De onderstroom omvat relatief onzichtbare facetten, zoals vertrouwen of wantrouwen, de bedrijfscultuur, onuitgesproken zaken en indirecte weerstand. Op individueel niveau zijn dat bijvoorbeeld drijfveren, persoonlijke waarden, interne motivatie en zelfvertrouwen. De onderstroom is juist onbewust, irrationeel en associatief (een product van samenwerkende individuen).
Organisaties ontwikkelen zich pas echt als zowel de bovenstroom als de onderstroom impulsen krijgen
Er zijn verschillende relaties tussen boven- en onderstroom:
- Bij een verandering moet de bovenstroom op orde zijn, anders ontstaat er gedoe in de onderstroom.
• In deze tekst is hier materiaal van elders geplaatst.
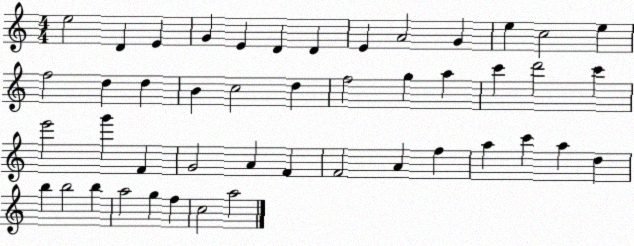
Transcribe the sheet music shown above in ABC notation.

X:1
T:Untitled
M:4/4
L:1/4
K:C
e2 D E G E D D E A2 G e c2 e f2 d d B c2 d f2 g a c' d'2 c' e'2 g' F G2 A F F2 A f a c' a d b b2 b a2 g f c2 a2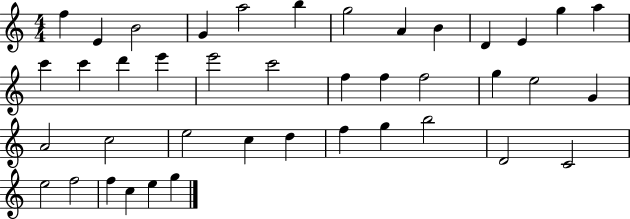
X:1
T:Untitled
M:4/4
L:1/4
K:C
f E B2 G a2 b g2 A B D E g a c' c' d' e' e'2 c'2 f f f2 g e2 G A2 c2 e2 c d f g b2 D2 C2 e2 f2 f c e g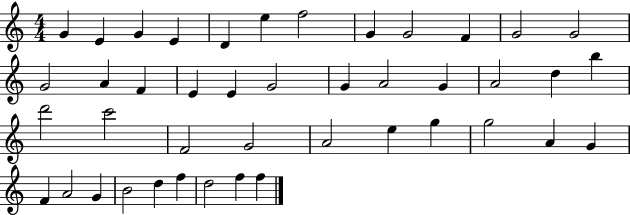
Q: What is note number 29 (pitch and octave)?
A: A4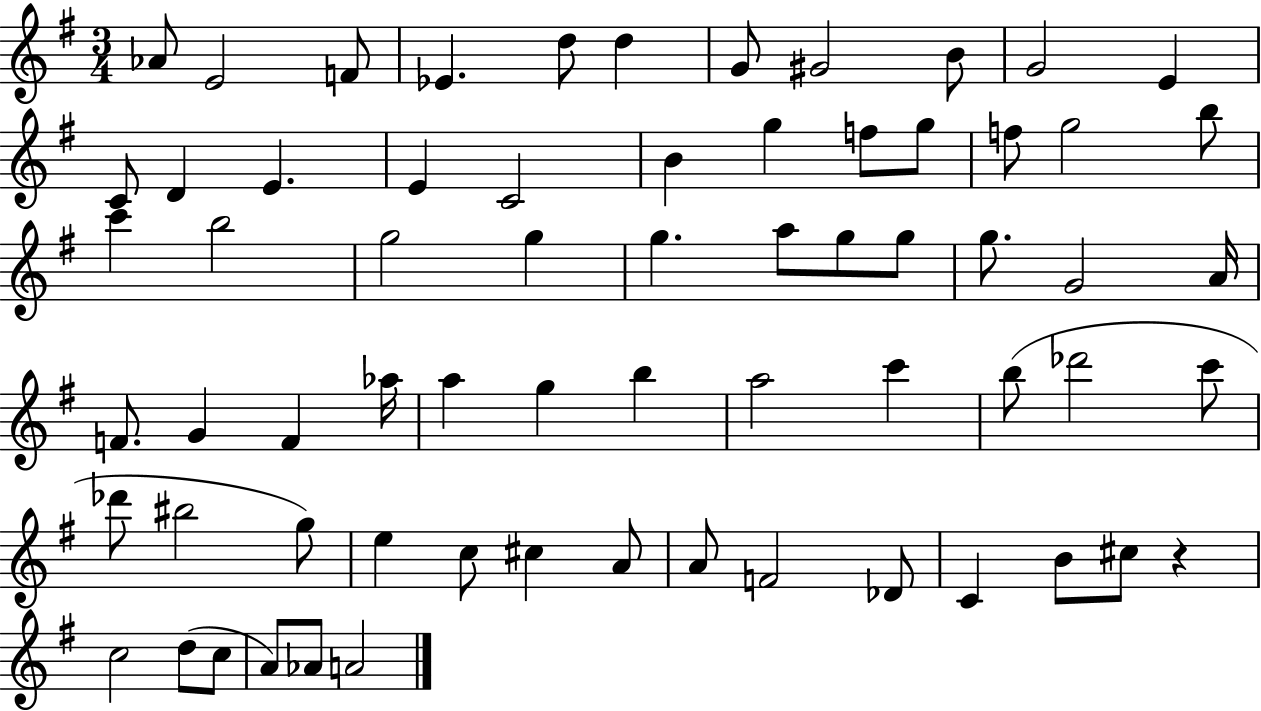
{
  \clef treble
  \numericTimeSignature
  \time 3/4
  \key g \major
  \repeat volta 2 { aes'8 e'2 f'8 | ees'4. d''8 d''4 | g'8 gis'2 b'8 | g'2 e'4 | \break c'8 d'4 e'4. | e'4 c'2 | b'4 g''4 f''8 g''8 | f''8 g''2 b''8 | \break c'''4 b''2 | g''2 g''4 | g''4. a''8 g''8 g''8 | g''8. g'2 a'16 | \break f'8. g'4 f'4 aes''16 | a''4 g''4 b''4 | a''2 c'''4 | b''8( des'''2 c'''8 | \break des'''8 bis''2 g''8) | e''4 c''8 cis''4 a'8 | a'8 f'2 des'8 | c'4 b'8 cis''8 r4 | \break c''2 d''8( c''8 | a'8) aes'8 a'2 | } \bar "|."
}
Daarom wordt veel gekozen voor ‘eerst de structuur aanpassen’ – dan komt de bovenstroom op orde – en dan door-ontwikkelen.
- Maar de onderstroom ‘draagt’ de bovenstroom. Dus zelfs met een goed veranderplan kan de organisatie zijn medewerkers toch niet veranderen. In dat laatste geval moet de onderstroom (bijvoorbeeld patronen van indirecte weerstand of rouw vanwege grote verandering) aandacht krijgen om de verandering te kunnen dragen. Niet voor niets noemen ondernemingsraden in hun advies vaak ‘draagkracht’ van de collega’s als argument op meer tijd te nemen.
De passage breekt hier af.